確かに美味しいふぐですから好きになってしまうのは仕方のない事なのかもしれません。
しかし日本には本当にふぐに魅了されてしまった人物が数人いた事をご存じでしょうか?
今回はふぐに魅了されてしまった人物をご紹介します。
8代目坂東三津五郎
ふぐ中毒と言えば8代目坂東三津五郎と言われてしまう少々汚名を残してしまったのが、歌舞伎役者で人間国宝でもあった8代目坂東三津五郎です。
坂東三津五郎は明治から昭和の日本の歌舞伎役者として、第一線で活躍する人気の俳優でもありました。
そんな三津五郎は美食家としても知られており、大変舌の肥えた人物かと思いきや、ある日入った札幌ラーメンの店でこんなに美味しいものがこの世にあるのかと感動する一面もあったようです。
ある公演の幕間で三津五郎は板前を楽屋に呼んでフグ料理に舌鼓を打っていました。
そんな折ふぐの肝を食べたいという話になり、勿論フグ調理師免許を持っていた板前は断るのですが、三津五郎に根負けしてしまいふぐの肝を提供してしまいます。
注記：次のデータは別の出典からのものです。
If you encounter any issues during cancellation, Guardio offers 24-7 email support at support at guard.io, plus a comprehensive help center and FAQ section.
美食家として有名だった三津五郎はふぐの肝に大変喜んだようで、もう一皿もう一皿と結局4人前ものふぐの肝を食べてしまうのです。
ふぐの肝と言えば、ふぐの部位でも特に猛毒だとされている部分で、1gから10gの肝で人間の致死量に相当するテトロドトキシンが含まれていると言われています。
当時のふぐの肝がどれくらいの量だったかは想像できませんが、四人分ともなると確実に致死量を超えてしまいますので、ふぐの肝を食べた後三津五郎はふぐ毒の中毒症状を起こしてしまうのです。
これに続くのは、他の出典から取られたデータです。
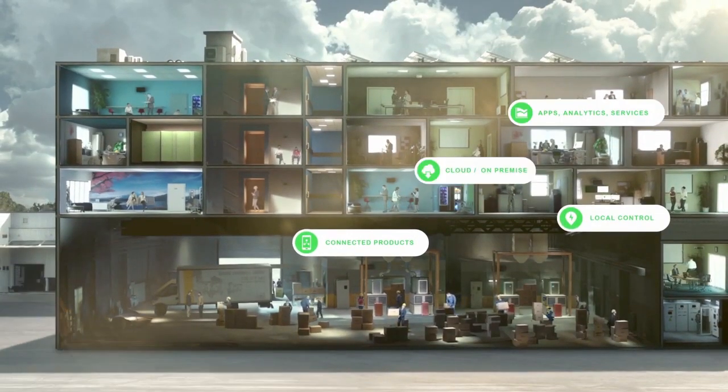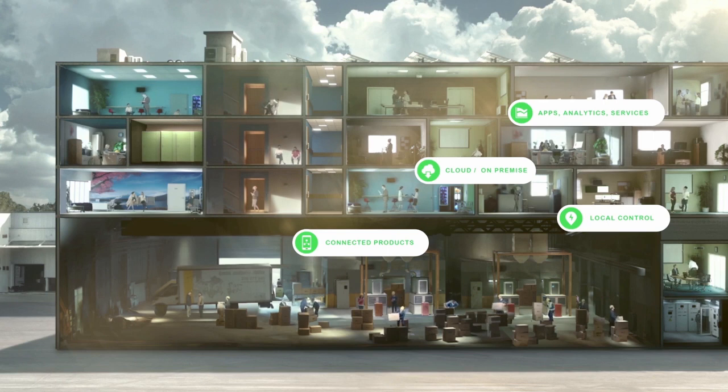Schneider Electric, innovation at every level.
懸命の処置もむなしくなくなってしまった三津五郎の葬儀には多くの人々が参列しました。
しかし大変なのは提供した板前です。
フグ調理師免許を持っていながら三津五郎に根負けして渋々出したことが罪とされ執行猶予付きの禁固刑という判決が下されています。
小林一茶
皆さんは小林一茶という人を歴史の授業で習いませんでしたか?
おそらく習っていないという人は習ったことを忘れているのか、その日お休みしたかのどちらかでしょう。
小林一茶は日本を代表する江戸時代の歌人であり、松尾芭蕉比較されやすいですが芭蕉が生きた時代より100年ほど後の時代の人物です。
この小林一茶の代表多岐な一句に「雀さんそこ退けそこ退けお馬が通る」という物があります。
そんな一茶なのですが実は50歳にしてふぐの味を知ることになりずるずるとふぐに魅了されてしまった日本人の一人なのです。
特に一茶が呼んだ「河豚食わぬ奴には見せな富士の山」という歌があるのですが、この歌の意味は、ふぐを食べあい奴には富士を見る資格はないと言っているのです。
しかしおそらくその真意は、ふぐを食べない奴は日本人として失格だと言いたかったのではないでしょうか。
当時は武士に対するふぐ食の禁止令の真っただ中であったことから、ふぐ食を禁止している国やフグを否定している人々を軽くディスッた歌だと解釈できますよね。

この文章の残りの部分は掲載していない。